前回はユダヤ系イタリア人親子の強制収容所での話。今回もユダヤ人と収容所。対象は女性で、そしてメインに描かれるのは戦後。何ともいびつなドラマ。

オーストリア、ウィーン1957年、高級とはいえないホテルでフロント係として淡々と勤務するマクシミリアン(ダーク・ボガート)。彼自身、どこか世間からひっそりと身を潜めているような態でもある。感情の起伏もなく、客からの要望にできるだけ淡々と応じるような中年男。

一応、観光客も来るのだが滞在ではなく、長く住む人間もいる。没落貴族のスタイン夫人(イザ・ミランダ)は、ベッドを共にする男を求めるような女性。それに昔の友人も住んでいた。

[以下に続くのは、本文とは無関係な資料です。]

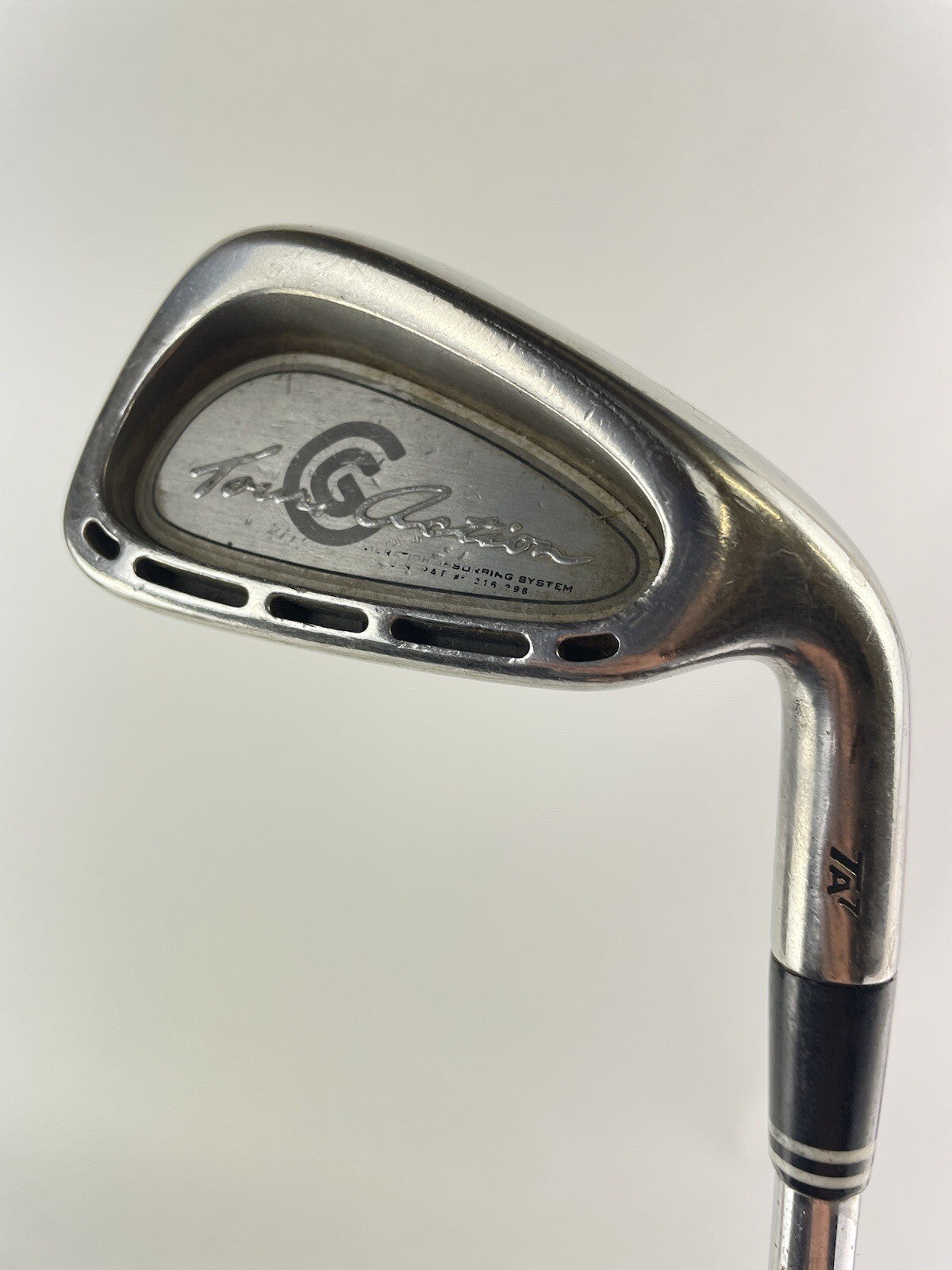 Cleveland Golf 6 Iron TA7 Regular Steel /Right Handed /New Grip /127380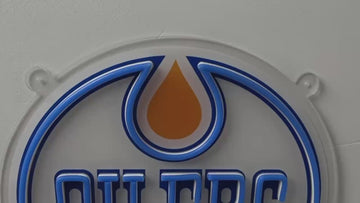 Edmonton Oilers LED Neon Sign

マクシミリアンは、第二次大戦ではナチス党員として強制収容所の責任者でもあった。つまりは戦犯である。しかし、指名手配を喰らうような大物ではない。それでも逮捕でもされれば、それなりの処罰を受ける対象。

ゆえにひっそりとホテル従業員として生きているのだった。そんなマクシミリアンのホテルにアメリカのオーケストラ指揮者夫婦が宿泊にやってくる。

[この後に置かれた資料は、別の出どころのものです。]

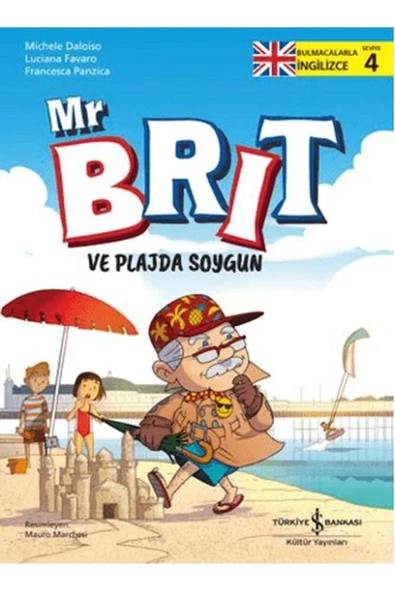 Mr Brit ve Plajda Soygun -Bulmacalarla ingilizce 4 ürün görseli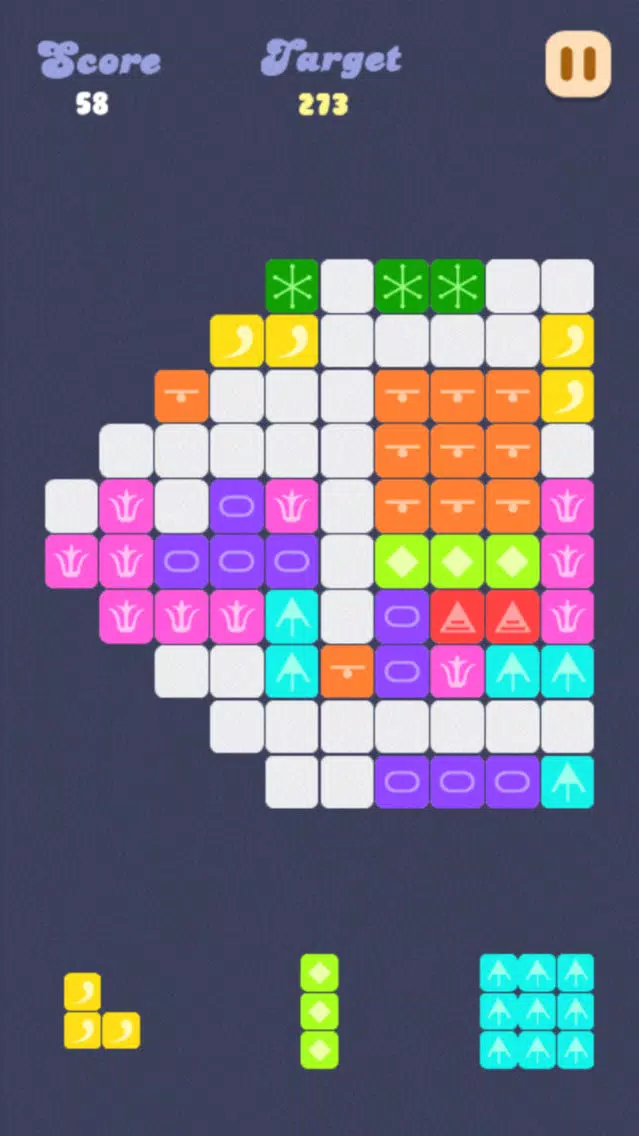 Ảnh chụp màn hình của Block Pile Heroes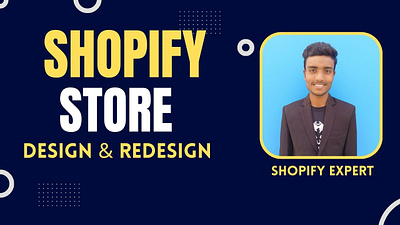 I will create one product shopify store or shopify website ads ecpert design dropdhippping website droppshoping store dropshippingstore facebook ads illustration instagram ds marketerbabu shopify ui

その妻ルチア(シャーロット・ランプリング)を見た彼は・・・

絶望的な再会から人生の歯車を狂わせていく男女を描くドラマ。

ナチス将校として収容所で権力を振るっていた男。そして、当時、彼に愛玩動物のように扱われ、今や中年に差し掛かった元少女が再会する。

お互いに、決して思いだしたくない過去だ。

しかし、当時の強烈な経験は、今の厭世的な生活から、恐怖ながらも忘れ難い思い出としてお互いに蘇ってくるから始末に悪いのである。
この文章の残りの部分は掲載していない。